● PROVIDED RECORDS
★ ★ ★ ★

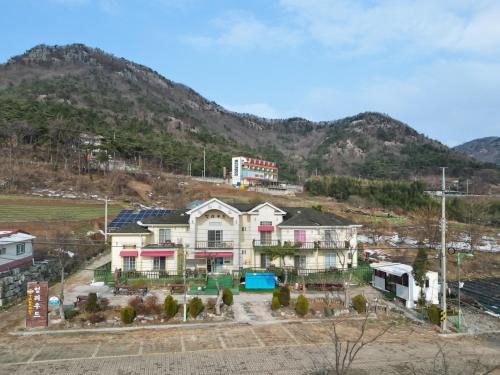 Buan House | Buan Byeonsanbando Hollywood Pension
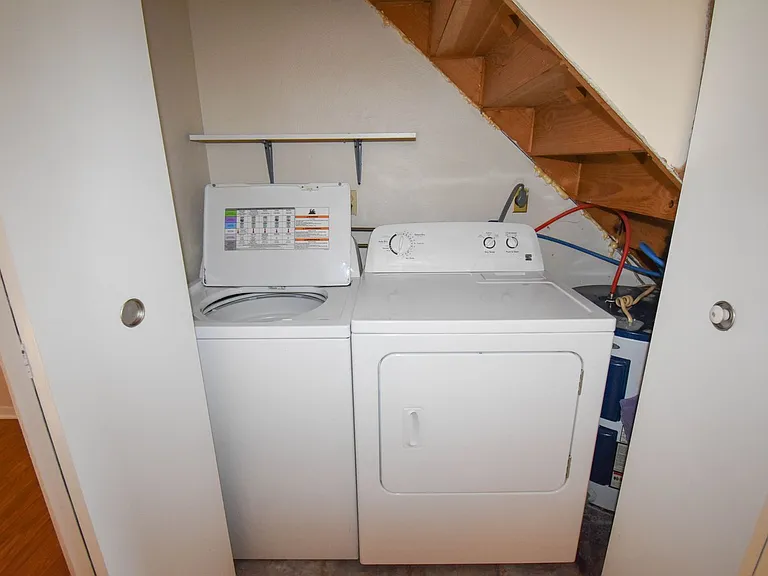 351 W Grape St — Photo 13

★ ★ ★ ★

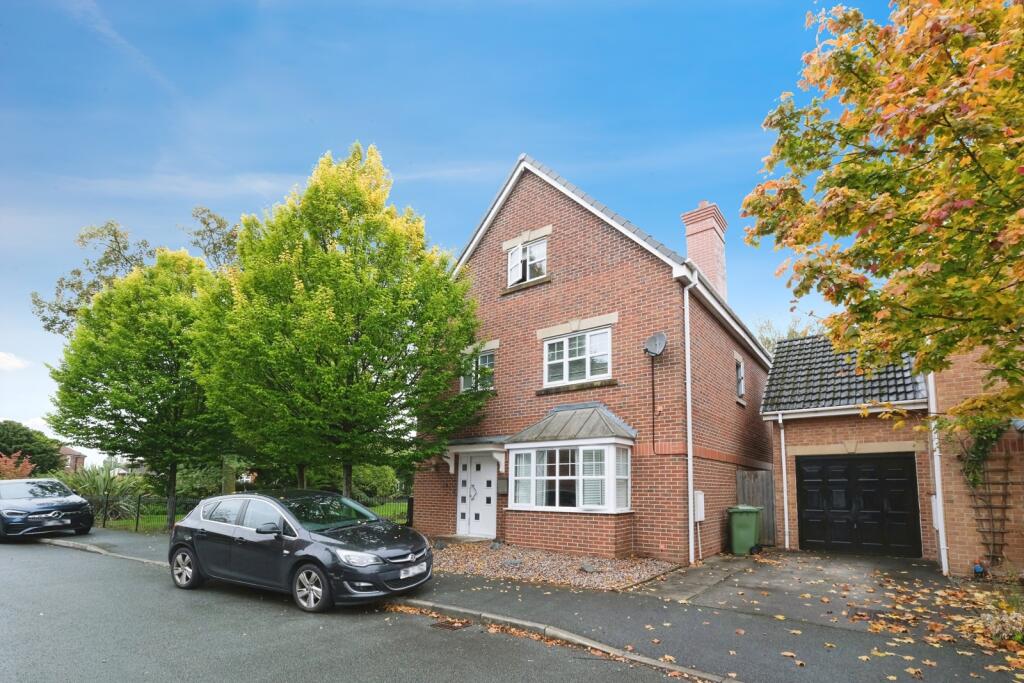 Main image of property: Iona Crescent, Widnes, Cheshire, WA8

★ ★ ★ ★

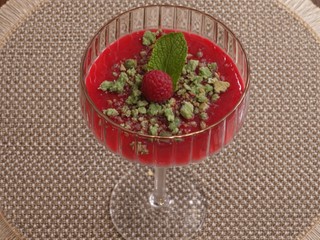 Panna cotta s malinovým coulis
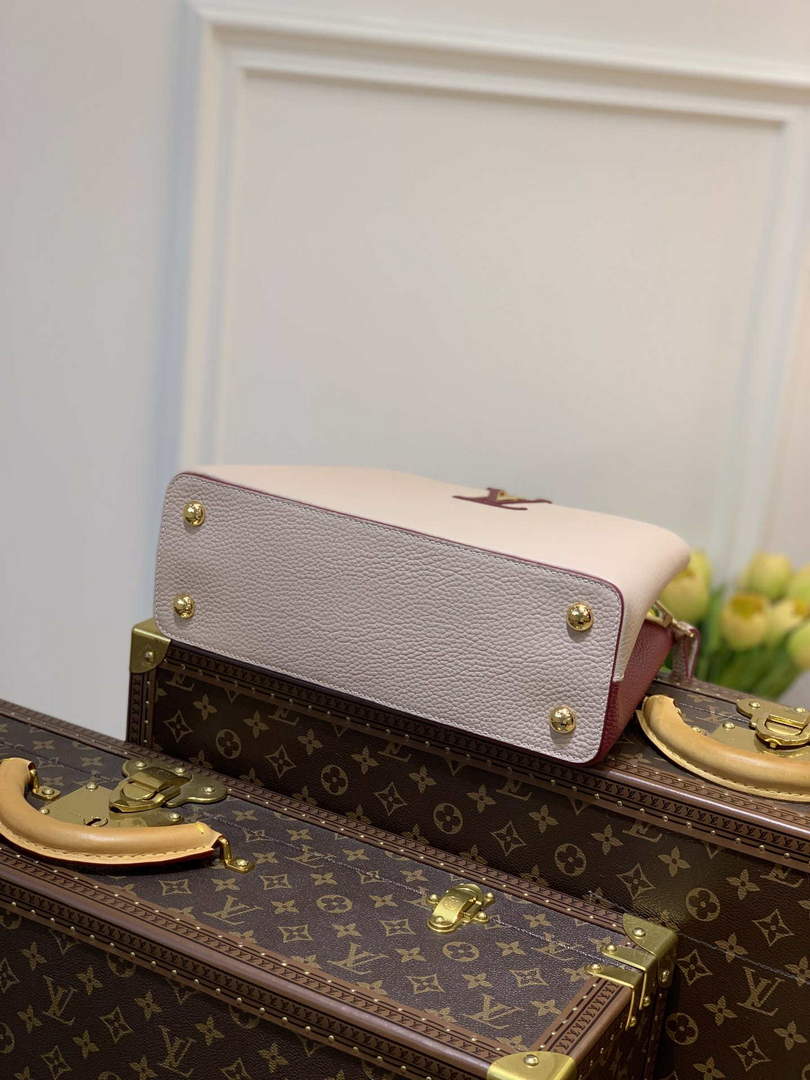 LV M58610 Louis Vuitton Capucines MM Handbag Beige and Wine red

★ ★ ★ ★

● ABOUT THIS EXERCISE
Using the records above, repeat exactly the run of lines that starts with the line with "Buan House |" and goes on through the line with "351 W Grape St — Photo 13"; omit each picture.

● RESULT OF THE TASK
 Buan House | Buan Byeonsanbando Hollywood Pension
 351 W Grape St — Photo 13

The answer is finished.